It looks like hell outside. The air is orange and the fragile ashy skeletons of leaves that decided to float from the wildfires fifty miles aways and settle on my shirt streak into a paste of dust when I try to wipe them off. It’s a stark reminder of the end of things.
I probably spend an average of an hour a day thinking about death. Some days it’s occasional fleeting moments and meanderings. But I’ve also spent ten straight hours obsessing about it. One could say that most of our human preoccupations involve dealing or not dealing with our immortality in some way or another, but here I’m referring to thinking about death at face value.
It’s a result of a few things, I suppose. Unending curiosity. The OCD and anxiety I’m cursed with. The apocalyptic upbringing I had in a fundamentalist Christian church where I was taught to fret over my soul burning in hell for all eternity long before I could even write a legible sentence.

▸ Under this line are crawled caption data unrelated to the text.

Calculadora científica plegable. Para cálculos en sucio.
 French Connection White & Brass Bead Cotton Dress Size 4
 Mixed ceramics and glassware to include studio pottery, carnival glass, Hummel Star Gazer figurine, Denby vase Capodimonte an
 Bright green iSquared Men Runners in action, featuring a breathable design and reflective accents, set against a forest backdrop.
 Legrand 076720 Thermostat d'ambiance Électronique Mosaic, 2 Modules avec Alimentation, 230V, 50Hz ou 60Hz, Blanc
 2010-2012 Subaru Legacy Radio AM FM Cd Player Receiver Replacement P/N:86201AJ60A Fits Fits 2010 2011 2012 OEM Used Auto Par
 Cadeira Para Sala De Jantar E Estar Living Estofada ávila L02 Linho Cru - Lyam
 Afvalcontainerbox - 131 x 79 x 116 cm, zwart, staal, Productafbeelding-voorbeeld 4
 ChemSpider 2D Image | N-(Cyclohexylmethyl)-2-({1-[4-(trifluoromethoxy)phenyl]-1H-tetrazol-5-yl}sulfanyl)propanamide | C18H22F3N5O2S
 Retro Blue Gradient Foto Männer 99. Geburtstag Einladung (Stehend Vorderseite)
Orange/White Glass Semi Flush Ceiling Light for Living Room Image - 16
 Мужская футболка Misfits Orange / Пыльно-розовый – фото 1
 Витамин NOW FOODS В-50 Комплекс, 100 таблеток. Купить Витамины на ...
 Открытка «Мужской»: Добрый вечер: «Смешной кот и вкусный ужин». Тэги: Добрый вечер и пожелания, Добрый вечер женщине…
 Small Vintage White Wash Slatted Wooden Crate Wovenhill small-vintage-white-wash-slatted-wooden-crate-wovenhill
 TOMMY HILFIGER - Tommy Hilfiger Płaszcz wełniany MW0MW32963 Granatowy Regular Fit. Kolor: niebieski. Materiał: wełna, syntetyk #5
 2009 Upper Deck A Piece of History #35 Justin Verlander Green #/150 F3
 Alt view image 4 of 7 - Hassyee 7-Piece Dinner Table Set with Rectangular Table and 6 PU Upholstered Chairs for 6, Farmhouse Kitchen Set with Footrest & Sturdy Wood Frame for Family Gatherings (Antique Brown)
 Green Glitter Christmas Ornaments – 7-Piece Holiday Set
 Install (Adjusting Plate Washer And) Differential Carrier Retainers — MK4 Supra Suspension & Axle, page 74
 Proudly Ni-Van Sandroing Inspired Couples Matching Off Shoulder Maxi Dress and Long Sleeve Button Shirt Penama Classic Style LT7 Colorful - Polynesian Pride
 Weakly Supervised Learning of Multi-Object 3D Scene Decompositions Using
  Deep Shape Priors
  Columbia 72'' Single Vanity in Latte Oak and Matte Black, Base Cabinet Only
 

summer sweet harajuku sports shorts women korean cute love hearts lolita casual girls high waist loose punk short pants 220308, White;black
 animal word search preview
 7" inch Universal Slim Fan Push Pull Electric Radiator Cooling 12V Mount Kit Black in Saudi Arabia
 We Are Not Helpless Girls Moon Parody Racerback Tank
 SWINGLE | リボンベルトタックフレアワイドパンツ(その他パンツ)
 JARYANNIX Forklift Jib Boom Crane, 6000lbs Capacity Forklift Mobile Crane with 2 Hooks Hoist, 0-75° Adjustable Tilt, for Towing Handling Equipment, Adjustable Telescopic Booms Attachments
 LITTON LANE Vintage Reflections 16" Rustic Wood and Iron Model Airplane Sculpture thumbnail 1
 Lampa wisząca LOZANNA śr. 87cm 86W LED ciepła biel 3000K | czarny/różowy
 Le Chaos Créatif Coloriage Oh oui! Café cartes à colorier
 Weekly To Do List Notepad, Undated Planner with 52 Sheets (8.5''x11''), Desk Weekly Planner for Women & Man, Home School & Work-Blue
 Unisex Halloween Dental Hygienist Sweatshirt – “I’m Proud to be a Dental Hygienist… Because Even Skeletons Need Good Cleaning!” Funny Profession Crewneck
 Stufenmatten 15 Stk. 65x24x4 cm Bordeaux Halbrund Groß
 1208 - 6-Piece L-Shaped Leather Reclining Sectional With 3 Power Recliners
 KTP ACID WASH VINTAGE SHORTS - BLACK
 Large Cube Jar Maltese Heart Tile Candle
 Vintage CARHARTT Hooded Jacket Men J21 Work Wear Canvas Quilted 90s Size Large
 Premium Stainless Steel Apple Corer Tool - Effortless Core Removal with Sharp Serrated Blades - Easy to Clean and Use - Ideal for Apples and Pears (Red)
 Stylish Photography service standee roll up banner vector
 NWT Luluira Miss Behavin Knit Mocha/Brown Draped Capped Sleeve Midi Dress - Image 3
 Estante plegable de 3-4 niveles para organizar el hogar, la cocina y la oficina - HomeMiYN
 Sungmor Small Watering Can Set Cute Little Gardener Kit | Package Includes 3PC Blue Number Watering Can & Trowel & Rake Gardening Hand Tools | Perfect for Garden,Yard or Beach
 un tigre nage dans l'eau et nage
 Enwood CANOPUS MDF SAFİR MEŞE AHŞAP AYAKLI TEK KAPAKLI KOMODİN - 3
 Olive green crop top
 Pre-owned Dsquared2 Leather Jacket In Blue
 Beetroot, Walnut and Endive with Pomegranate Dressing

Yet much of the time I ponder the last great adventure, it isn’t coming from a place of worry; it’s simply the humongous elephant in the room of our lives. And in fact, I find death to be the greatest tool we have for living. To understand that no matter what you may believe – heaven, nothingness, reincarnation, whatever – we only get one chance as who we are the way we are right here and right now; there’s no greater motivator once you let that sink in.
Of course, it ain’t that easy, lest we forget the terror that death and its machinations can instill. My entire family was directly in the path of Hurricane Irma, and this past weekend caused a few sleepless nights for me. There’s also the media saturation of the worst of the worst of ourselves; reminders of what our own kind are capable of. And then there’s also denial; like preferring to look like a plastic lizard than admit age is taking its natural course on our faces. Still then, for some of us, the fear goes a step or two beyond.
I remember “coming out” as an atheist at Thanksgiving dinner. I had no plans to do so, it happened organically. I was finally living on my own in the dorms at age twenty-one, but I was still meeting my parents at their new church on Sundays. I say “their new church,” because I never had a say in where we went, and that one was my least favorite. It was straight hillbilly shit. Banjos and mullets and people with filthy bare feet and a toothless guy that blew on a conch shell and a pedophile everyone knew was a pedophile but they let teach children’s church regardless because “he had a gift with the kids.” Anyhow, sitting at the fancy table and eating our turkey, my grandmother said something akin to “Your mother tells me you haven’t been to church in a few weeks,” and mumbling responses turned to confusion and it all cascaded to me ultimately announcing “I don’t think I believe in God anymore,” which caused the biggest dramatic stir our family had seen in years.
I didn’t sleep much after that. Not so much because of the drama, but because of my own admission to myself of what I believed, as if speaking it out loud was the final event that needed to happen to make the thought real. I would sit in my bed, alone, staring at the ceiling and imagining myself burning in everlasting fire night after night. It took a good two years of reconciliation with my own inner self before I could sleep well again.
In modern times, I don’t worry about hell. On the now-rare occasion when someone asks me “What do you think’s gonna happen to you when you die,” I simply say, “I’ll be in the same place I was before I was born.” Of course, if we’re actually living in a computer simulation, that changes everything, and if you’re playing me as a character, then please load me into a sci-fi world on the next respawn. And give me tentacles. Big, fat, juicy ones.
Most of my extreme thoughts over death now relate to horrific obsessions brought on by the OCD, or thinking about how my own end will take place, and how that the best circumstance is lasting long enough to become a withered, rotting, used-up mush of a body that outlives my wife because I know she couldn’t live without me and it’ll be better if she goes first when our highway tapers and turns to a dusty path with the end in sight.
Meditation helps with that. It has, to a certain extent, retrained my brain to snap out of predictive hallucinations and live in the present more. And that’s what living – not simply existing – is. It’s the antidote to death. Or maybe it’s the other way around. Maybe death is the antidote to life. Because there is nothing special about immortality. It’s mortality that gives our experiences meaning. To be able to go anywhere and do anything at any time makes the spectacular rote, like a movie star who’s seen it all and would rather take a nap than partake in something anyone other than him would consider a once-in-a-lifetime adventure.
So I live because I’ll die. I chase the adventure because I’m overly-aware that one day too soon the adventure will end. I don’t know what it’s like to be fearless. The mental illness I live with makes me fear everything. But therein lies a blessing within the curse. Since everything has the potential to be terrifying, I must constantly do things in spite of the fear; sometimes even because of the fear. And I remind myself of that, and how important it is to call my far-away friends, and to spend quality time with my wife, and write the books I want to write, and travel to weird places, and ask the questions I’ve always wanted to ask.
“Get busy livin’, or get busy dyin. That’s goddamn right.”